GUIDELINES TO HELP US TO MEDITATE ON THE PASSAGE SO AS TO RECOGNIZE AND CELEBRATE GOD’S PRESENCE AND ACTIVITY IN OUR LIVES AND WORLD TODAY.

Can you identify with the experience of “the Prodigal Son” – turning our back on someone’s love for fear that we were missing out on something.  And one day in our pain and shame, acknowledging that we had messed up badly, and beginning a journey back home again.  Lord, help us to remember that no matter how often, or how far we drift away, there is always a way back home for a humble, contrite heart.

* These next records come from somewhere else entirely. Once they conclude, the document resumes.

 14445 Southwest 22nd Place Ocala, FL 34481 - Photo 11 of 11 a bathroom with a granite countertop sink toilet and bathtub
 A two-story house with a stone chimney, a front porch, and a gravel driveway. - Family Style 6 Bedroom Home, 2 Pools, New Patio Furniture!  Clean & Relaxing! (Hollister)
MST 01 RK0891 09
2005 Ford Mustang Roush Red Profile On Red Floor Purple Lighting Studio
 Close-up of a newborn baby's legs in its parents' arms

Can you identify the deep and faithful love of a mam or dad, a loving parent, who reflects for us something of the total and unconditional love of “the Prodigal father” in this story.  Parents who never ever give up on their children, no matter what! We give thanks for the love of our parents today conscious that they give us a glimpse into the very heart of God.

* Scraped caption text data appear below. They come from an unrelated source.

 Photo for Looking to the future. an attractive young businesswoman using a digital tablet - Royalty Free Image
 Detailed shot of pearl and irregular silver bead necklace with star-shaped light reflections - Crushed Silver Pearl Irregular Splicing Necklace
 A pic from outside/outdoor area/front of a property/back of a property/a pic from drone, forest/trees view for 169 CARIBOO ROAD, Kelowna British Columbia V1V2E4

Can you identify with “the elder Son” in the story?  Begrudging other people success or joy or happiness because we didn’t think they deserved it.  And eating sower grapes because we felt cheated.  Lord help us to recognize that your love, like all true love, is gratuitous – freely given, not something we have to earn or merit.  All we can do is to show our appreciation of it.  Lord have mercy!